Self-esteem is another aspect greatly threatened by social media. When one puts up a post and only a handful of people react to it, their self-esteem might take a hit.
Mr Ogachi also notes that very few people display their struggles on social media. As such, the feeds are populated by people eating wonderful food, visiting exotic places and looking exceedingly beautiful and happy.
If one is exposed to such a life online and their real life does not match those expectations, they are likely to lose their self-esteem and view themselves as losers; sinking into a state of worthlessness, helplessness and desperation.
To extricate yourself from social media addiction and regain control of your life, Mr Ogachi proposes that you start by developing high-quality activities for leisure.

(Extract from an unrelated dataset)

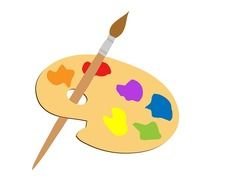 Artists Palette Paint Daubs Brush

“Develop a habit of walking to a park, reading books, playing board games like chess and scrabble or learning useful skills such as crocheting or dancing. These activities will keep you engaged, hence prevent you from checking your notifications on impulse,” he says.
Though he appreciates that it is not realistic for an addict to quit social media cold turkey, Mr Ogachi advocates for a self-regulation mechanism whereby one decides that they will only check their social media at certain given times during the day — and stick to the routine.